This is good, from Frank L. Visco, originally published in the June 1986 Writer’s Digest.

My several years in the word game have learnt me several rules:
  1. Avoid Alliteration. Always.
  2. Prepositions are not words to end sentences with.
  3. Avoid cliches like the plague. (They’re old hat.)
  4. Employ the vernacular.
  5. Eschew ampersands & abbreviations, etc.
  6. Parenthetical remarks (however relevant) are unnecessary.
  7. It is wrong to ever split an infinitive.
  8. Contractions aren’t necessary.
  9. Foreign words and phrases are not apropos.
  10. One should never generalize.
  11. Eliminate quotations. As Ralph Waldo Emerson once said, “I hate quotations. Tell me what you know.”
  1. Comparisons are as bad as cliches.
  2. Don’t be redundant; don’t use more words than necessary; it’s highly superfluous.
  3. Profanity sucks.
  4. Be more or less specific.
  5. Understatement is always best.
  6. Exaggeration is a billion times worse than understatement.
  7. One word sentences? Eliminate.
  8. Analogies in writing are like feathers on a snake.
  9. The passive voice is to be avoided.
  10. Go around the barn at high noon to avoid colloquialisms.
  11. Even if a mixed metaphor sings, it should be derailed.
  12. Who needs rhetorical questions?

HT: John Barber

2 Comments

  1. Very clever! Writing rules made to be broken.
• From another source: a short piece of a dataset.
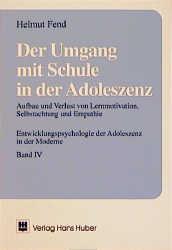 Cover-Bild Der Umgang mit Schule in der Adoleszenz, Band 4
Here’s what the Chicago Manual of Style says about prepositions: “The traditional caveat of yesteryear against ending sentences with prepositions is, for most writers, an unnecessary and pedantic restriction…A sentence that ends in a preposition may sound more natural than a sentence carefully constructed to avoid a final preposition…The ‘rule’ prohibiting terminal prepositions was an ill-founded superstition.”